Problem details: Using the data below, transcribe exactly everything from the line that contains "Poster - Banksy: Kissing" down to the line that contains "2020 Volkswagen Jetta". Include both of those lines and none of the pictures.

Data supplied:
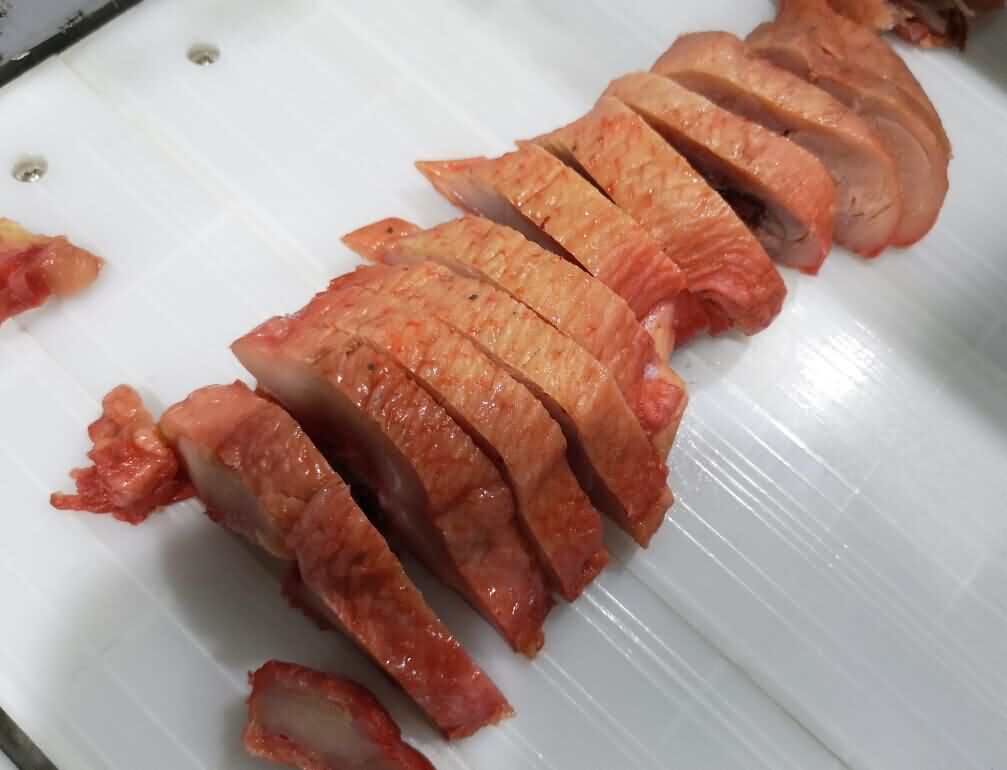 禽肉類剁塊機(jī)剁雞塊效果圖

--

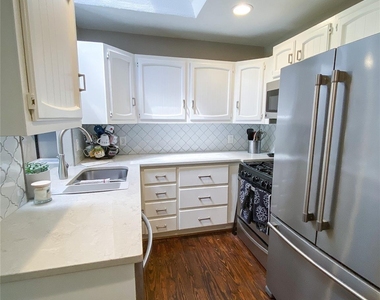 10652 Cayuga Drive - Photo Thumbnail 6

* * *

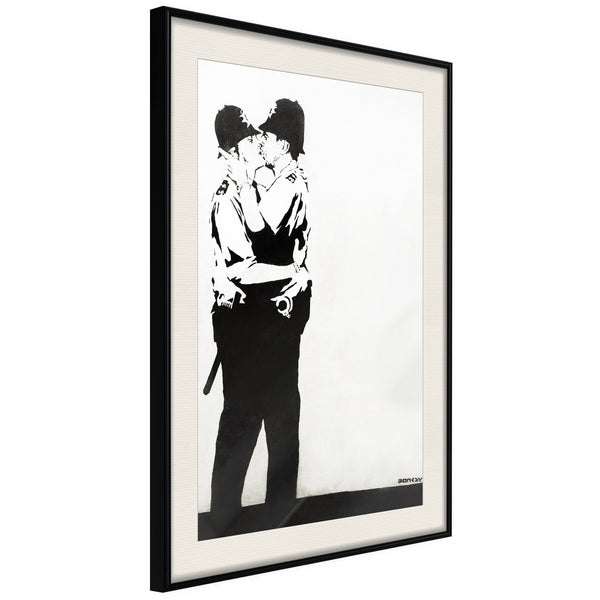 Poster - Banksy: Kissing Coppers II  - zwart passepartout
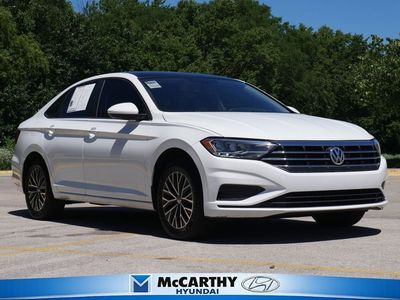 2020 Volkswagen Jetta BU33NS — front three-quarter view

Task output:
 Poster - Banksy: Kissing Coppers II  - zwart passepartout
 2020 Volkswagen Jetta BU33NS — front three-quarter view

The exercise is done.